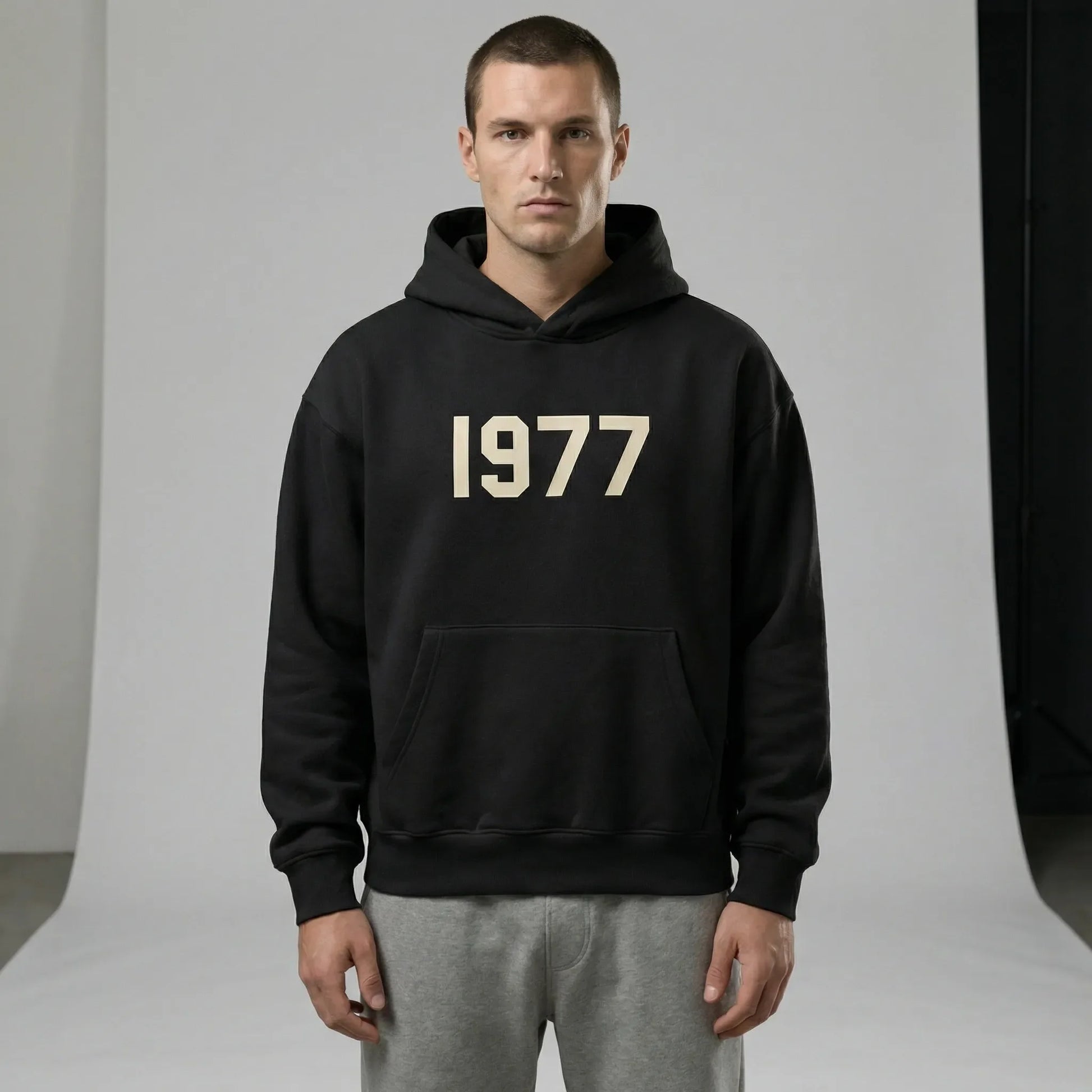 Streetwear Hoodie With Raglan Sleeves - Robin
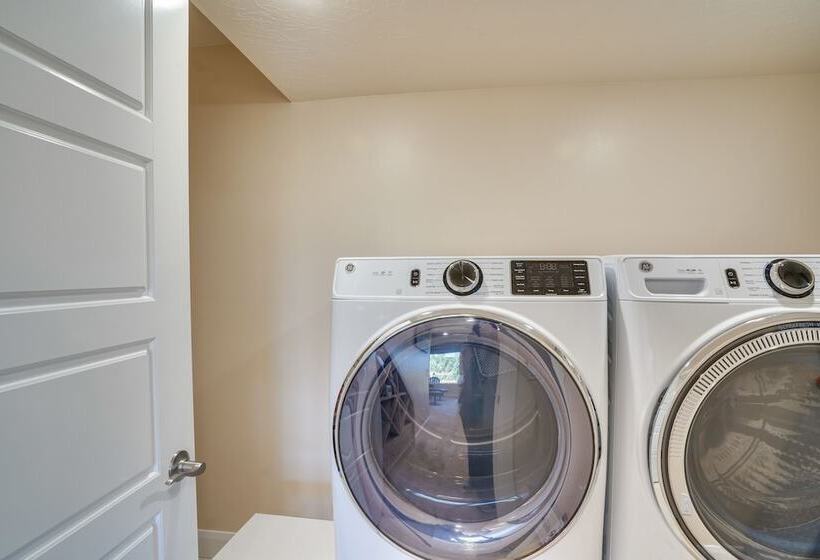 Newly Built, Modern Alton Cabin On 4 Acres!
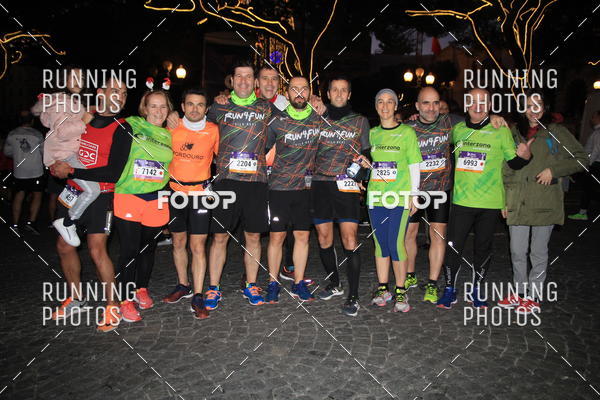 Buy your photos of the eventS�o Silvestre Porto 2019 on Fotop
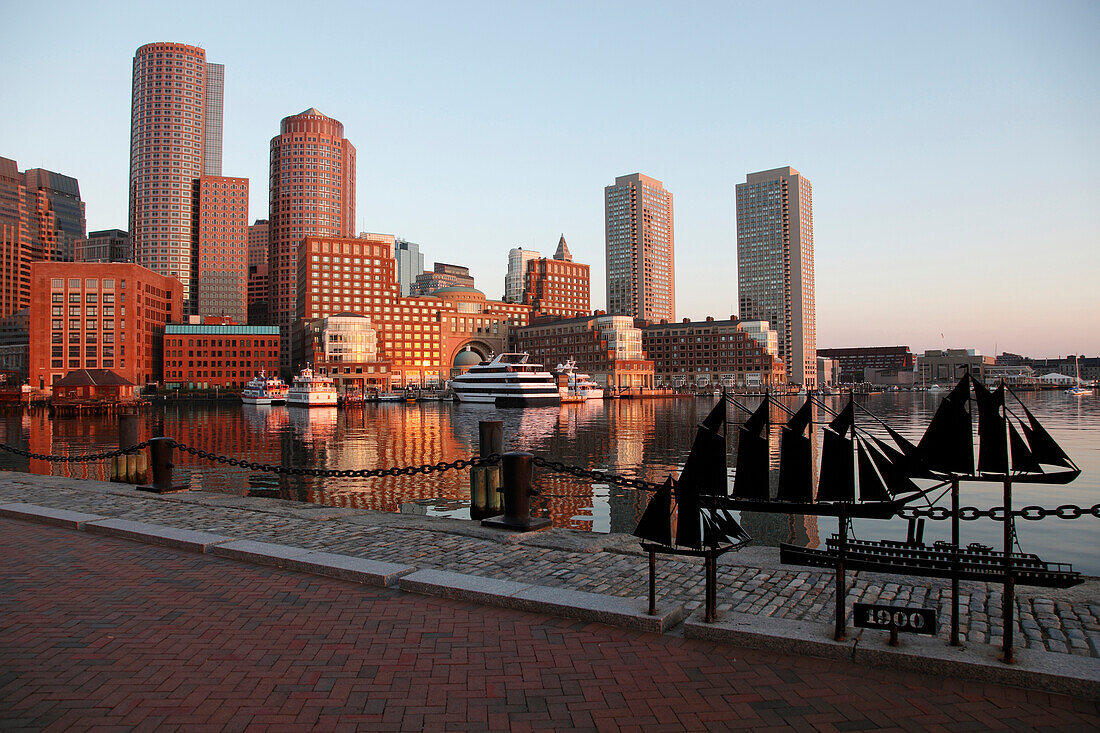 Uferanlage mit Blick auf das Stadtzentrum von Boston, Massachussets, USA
+ + + + +
## Goal of the exercise
Give back the material above exactly as it appears, minus the pictures.

## Solved exercise
 Streetwear Hoodie With Raglan Sleeves - Robin
 Newly Built, Modern Alton Cabin On 4 Acres!
 Buy your photos of the eventS�o Silvestre Porto 2019 on Fotop
 Uferanlage mit Blick auf das Stadtzentrum von Boston, Massachussets, USA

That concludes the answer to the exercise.